[Brief descriptive captions]
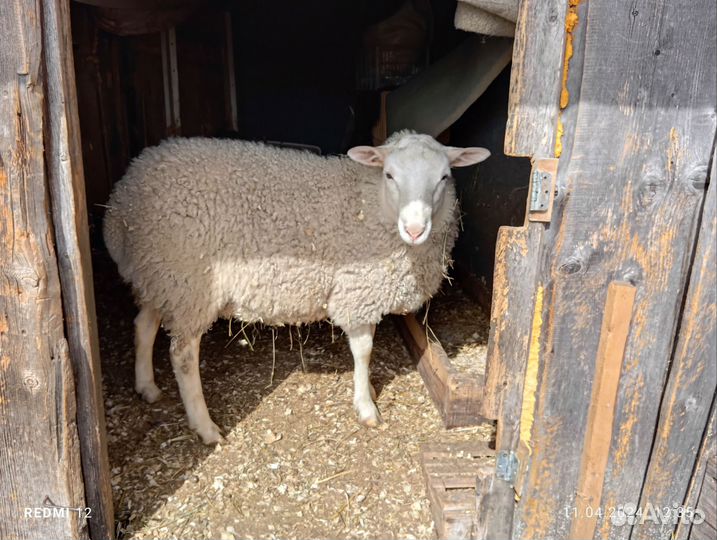 Овцы бараны ягнята романовские и мериносы
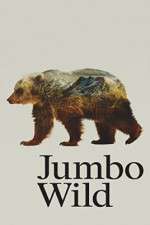Watch Jumbo Wild Alluc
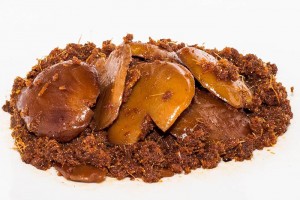 jenis rendang di Padang atau Sumatera Barat salah satunya rendang jengkol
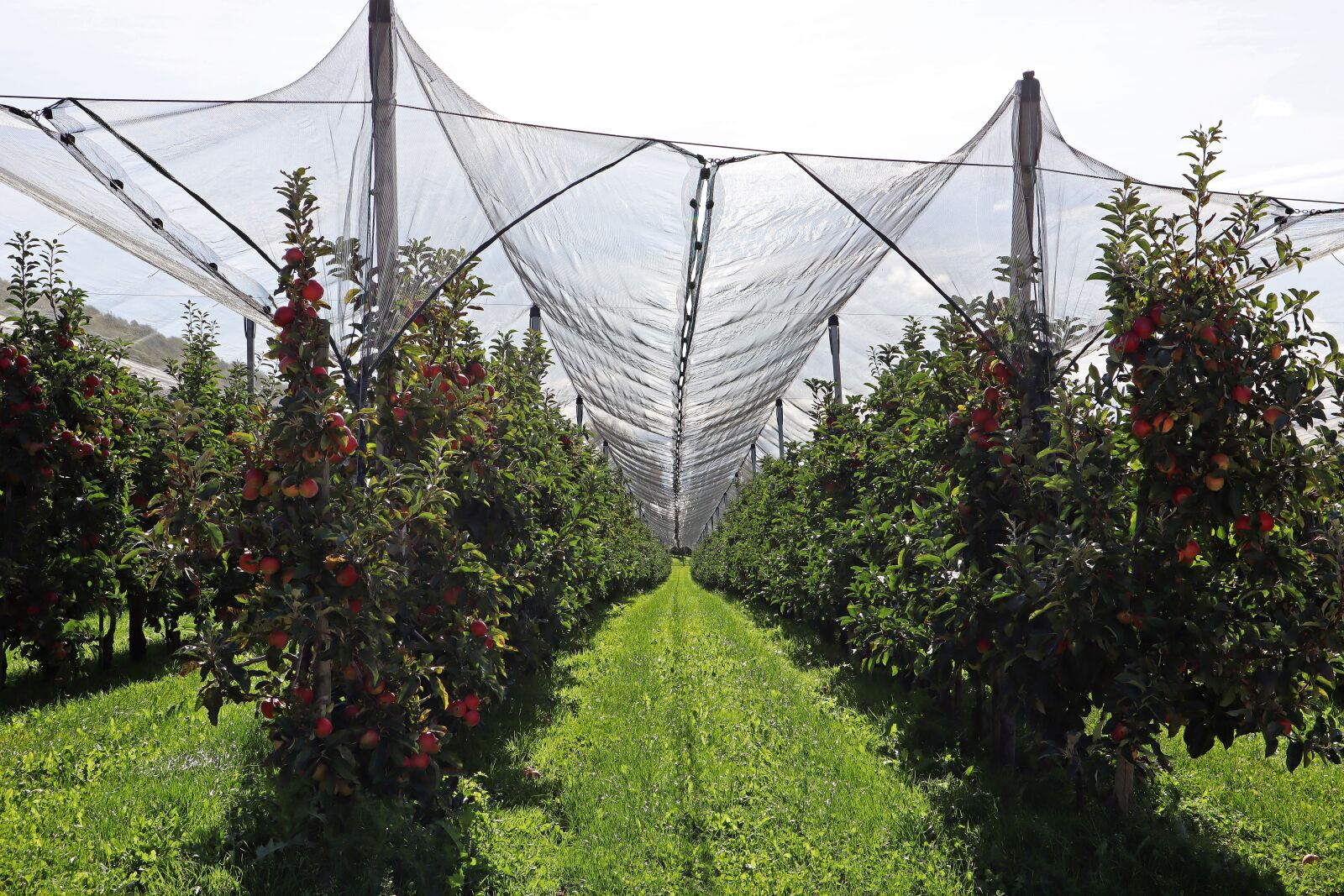 Canon EF-M 15-45mm F3.5-6.3 IS STM sample photo. Apple, plantation, apple trees photography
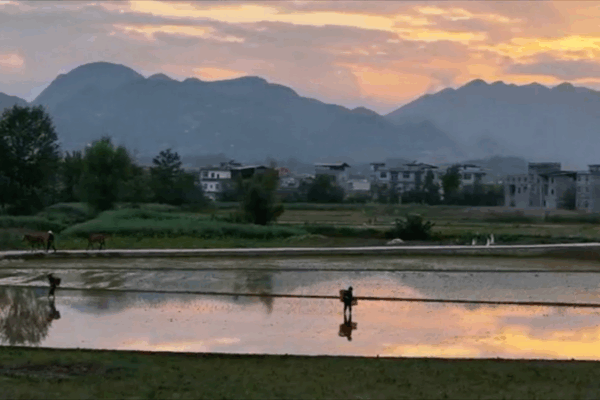 Chongqing Farmers Paint Dusk Rice Fields in Serene Tradition Chongqing_Farmers_Paint_Dusk_Rice_Fields_in_Serene_Tradition video poster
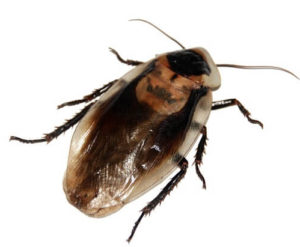 Best Roach Killer - Individual Cockroach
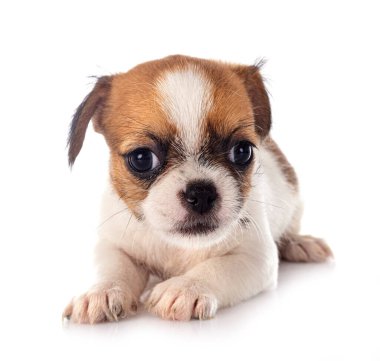 Beyaz arka planda küçük bir chihuahua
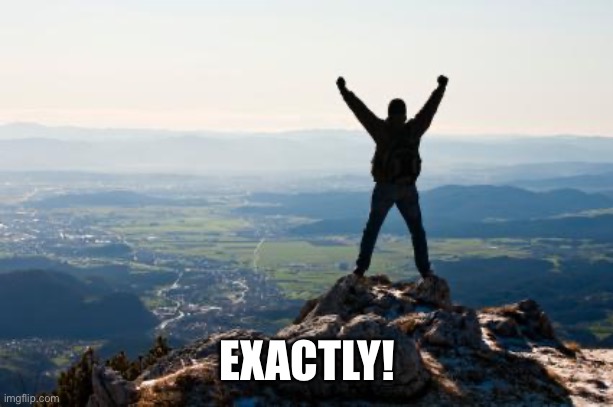 Shout It from the Mountain Tops | EXACTLY! | image tagged in shout it from the mountain tops | made w/ Imgflip meme maker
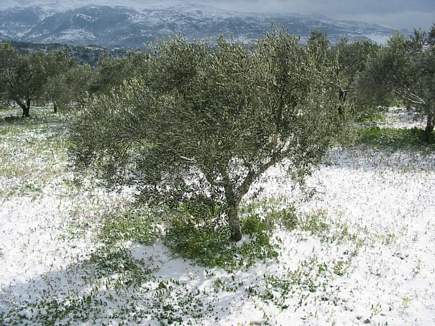 Flowers and Snow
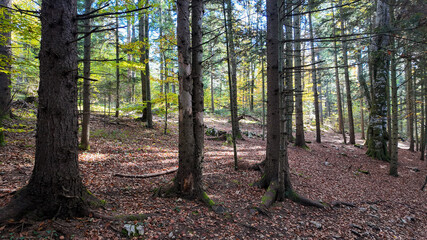 Obraz premium Sunlight filters through a serene, autumnal forest, capturing the essence of tranquility and nature's beauty during fall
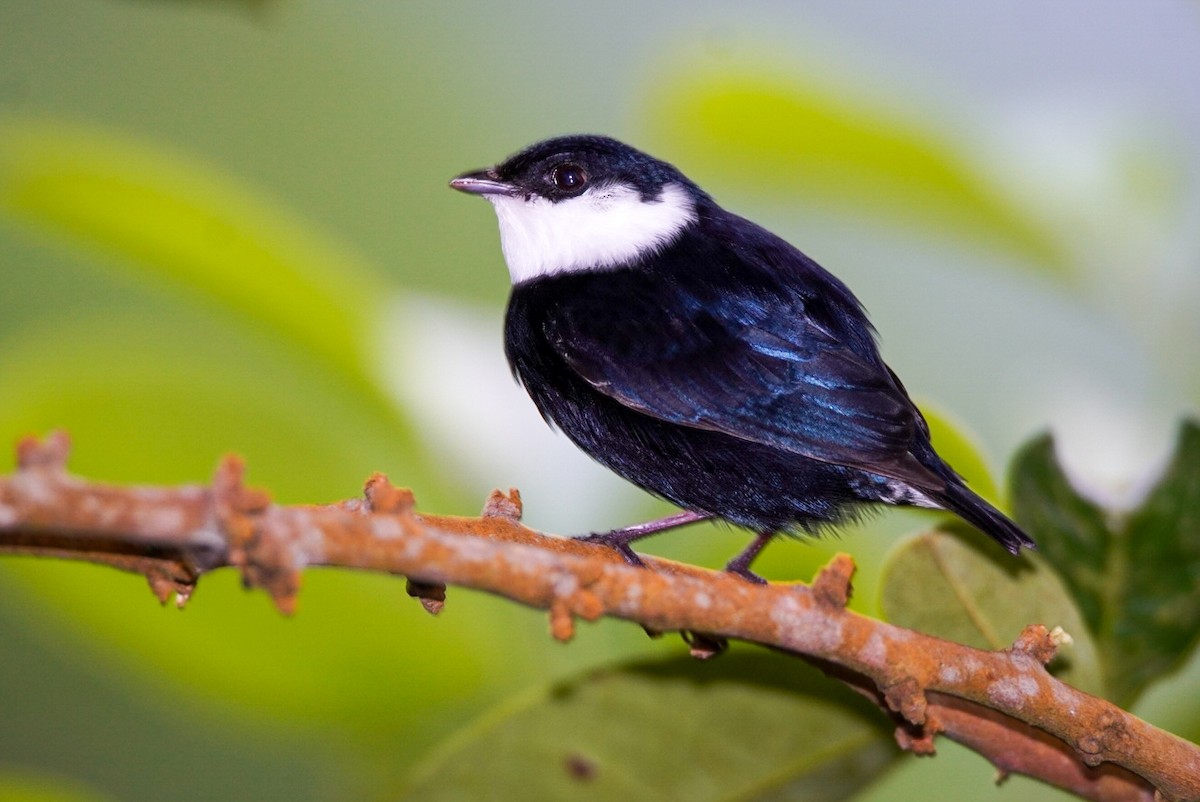 White-bibbed Manakin - javier  mesa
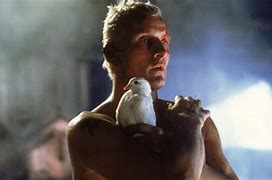 Image result for Blade Runner Dove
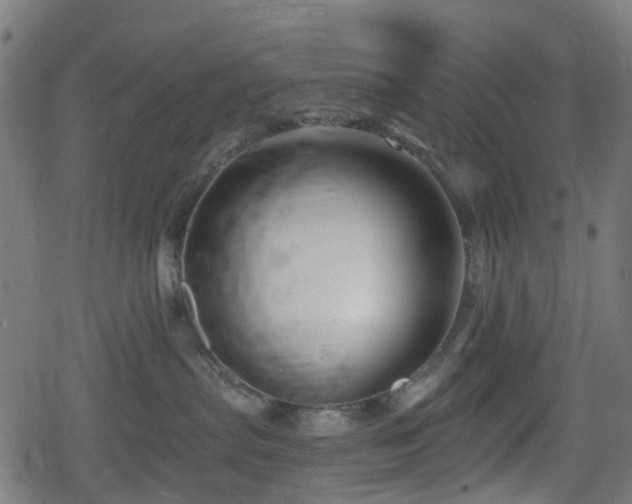 X0000078850287200611131145
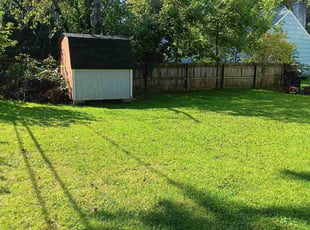 Ben A.'s lawn maintenance service result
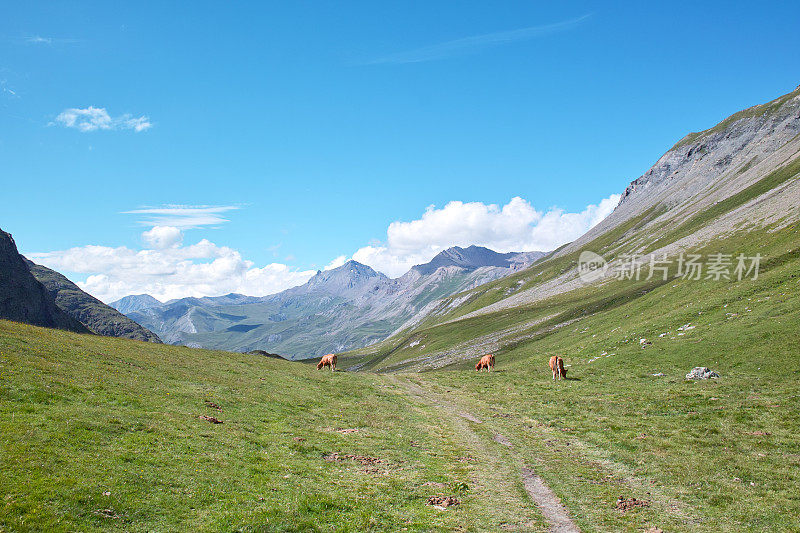 高山草地景观以牛为主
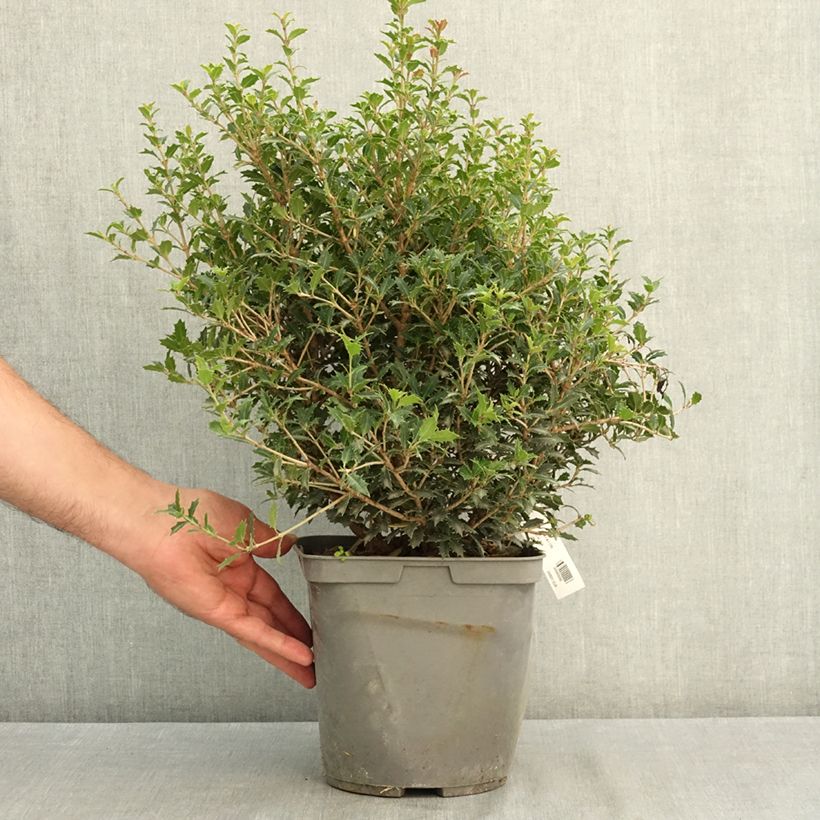 Ejemplar de Osmanthus heterophyllus Perfumed Princess - Acebo chino Maceta 4L/5L entregado en verano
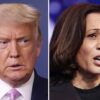 Trump claims Kamala Harris faked crowd picture at airport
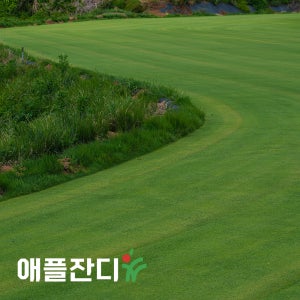 한국잔디 장성 토종 뗏장 떼 정원 최고급 천연롤잔디 40cmⅹ60cm 200장 15평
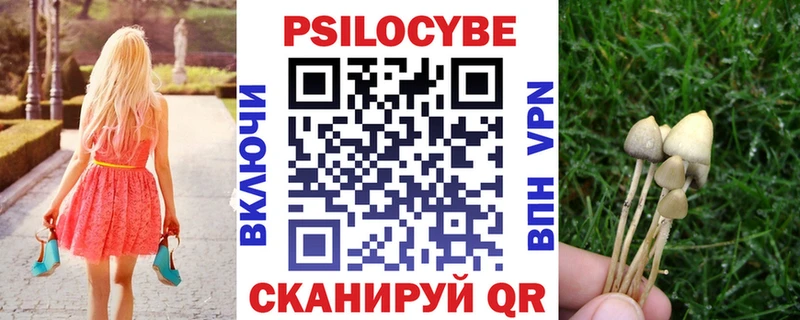 площадка клад  Назарово  Галлюциногенные грибы прущие грибы  что такое  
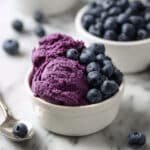 3 Ingredient Blueberry Frozen Yogurt Recipe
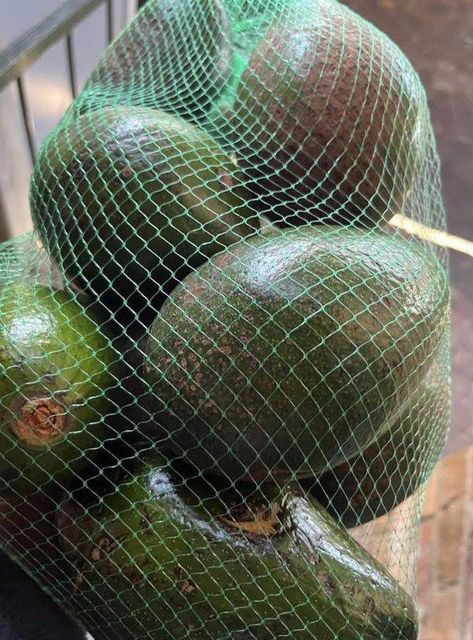 Premium Fresh Avocados from Kenya – Export Quality - Image 1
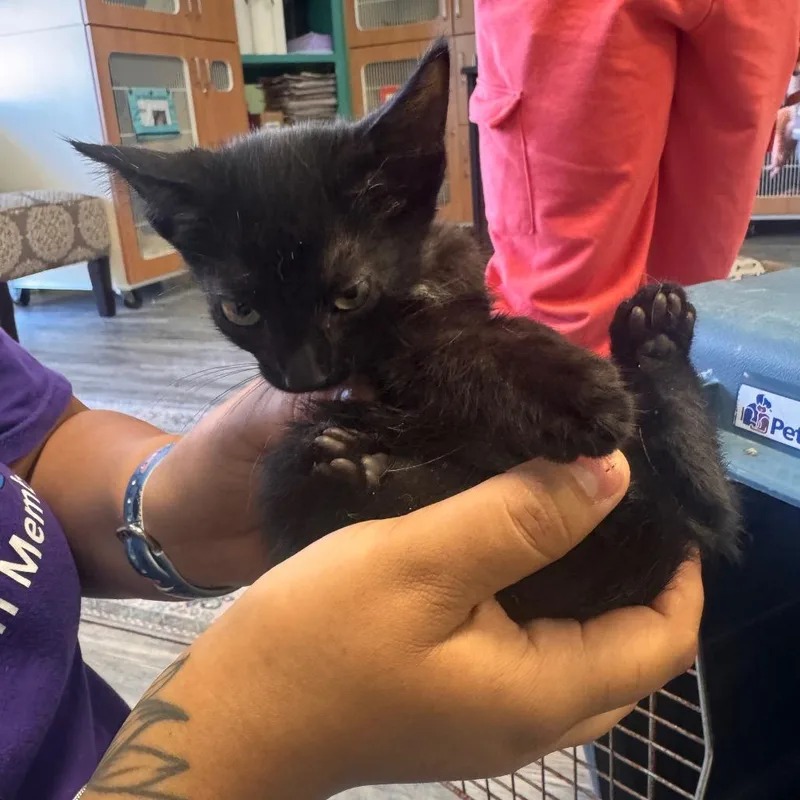 A baby small-sized male Black Domestic Short Hair cat named Dickens for adoption in Lake Jackson, TX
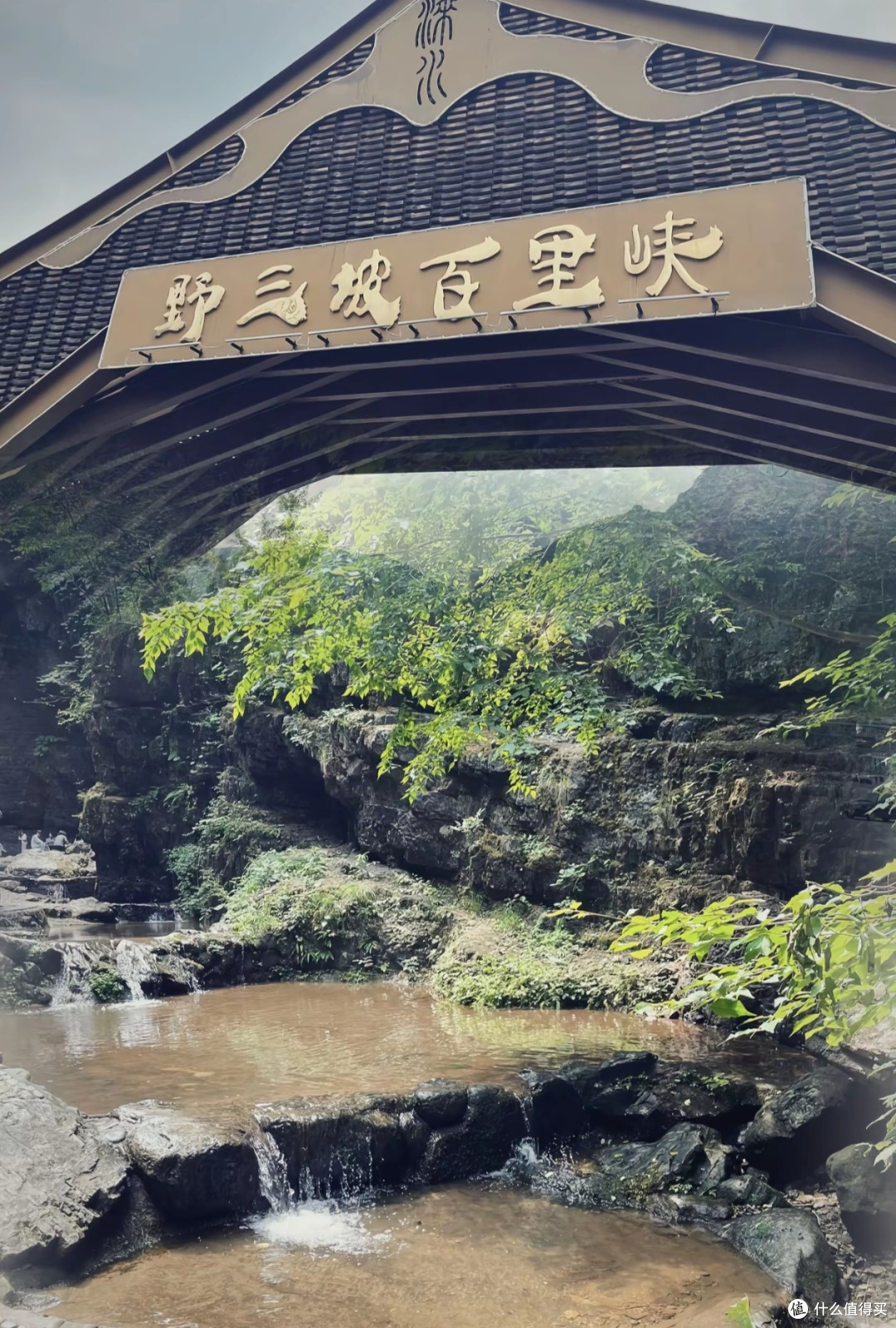 野山坡：自然与文化的瑰宝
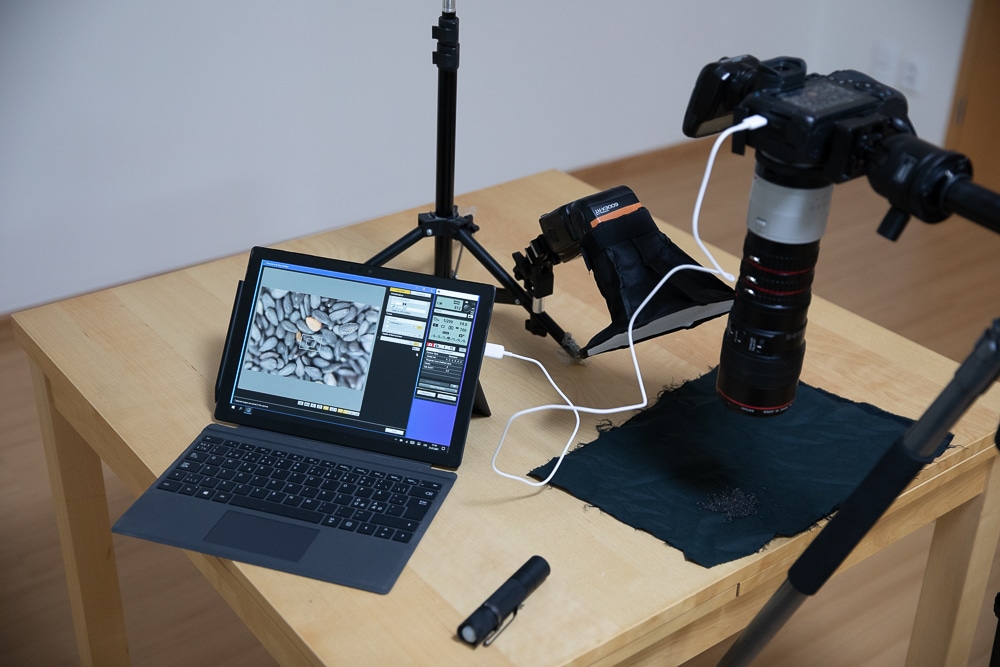 Super Macro photography: Discover the magic of close-up Macro photography
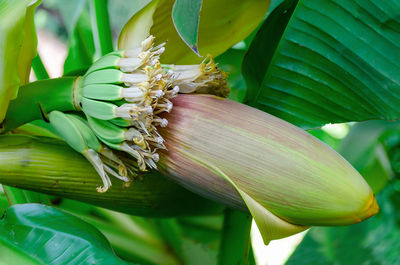 Close-up of fresh green leaves on plant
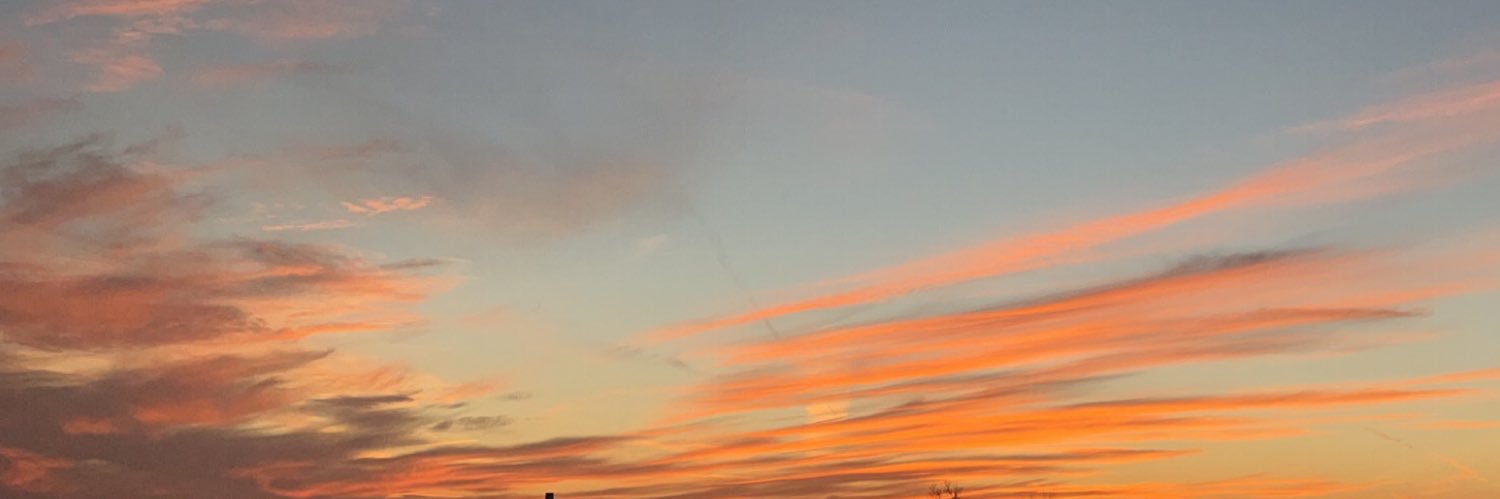 padecope's profile banner image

**Task goal:** Print every entry above verbatim but drop the images.

**Solved exercise:**
 Овцы бараны ягнята романовские и мериносы
Watch Jumbo Wild Alluc
 jenis rendang di Padang atau Sumatera Barat salah satunya rendang jengkol
 Canon EF-M 15-45mm F3.5-6.3 IS STM sample photo. Apple, plantation, apple trees photography
 Chongqing Farmers Paint Dusk Rice Fields in Serene Tradition Chongqing_Farmers_Paint_Dusk_Rice_Fields_in_Serene_Tradition video poster
 Best Roach Killer - Individual Cockroach
 Beyaz arka planda küçük bir chihuahua
 Shout It from the Mountain Tops | EXACTLY! | image tagged in shout it from the mountain tops | made w/ Imgflip meme maker
 Flowers and Snow
 Obraz premium Sunlight filters through a serene, autumnal forest, capturing the essence of tranquility and nature's beauty during fall
 White-bibbed Manakin - javier  mesa
 Image result for Blade Runner Dove
 X0000078850287200611131145
 Ben A.'s lawn maintenance service result
 高山草地景观以牛为主
 Ejemplar de Osmanthus heterophyllus Perfumed Princess - Acebo chino Maceta 4L/5L entregado en verano
 Trump claims Kamala Harris faked crowd picture at airport
 한국잔디 장성 토종 뗏장 떼 정원 최고급 천연롤잔디 40cmⅹ60cm 200장 15평
 площадка клад  Назарово  Галлюциногенные грибы прущие грибы  что такое  
 3 Ingredient Blueberry Frozen Yogurt Recipe
 Premium Fresh Avocados from Kenya – Export Quality - Image 1
 A baby small-sized male Black Domestic Short Hair cat named Dickens for adoption in Lake Jackson, TX
 野山坡：自然与文化的瑰宝
 Super Macro photography: Discover the magic of close-up Macro photography
 Close-up of fresh green leaves on plant
 padecope's profile banner image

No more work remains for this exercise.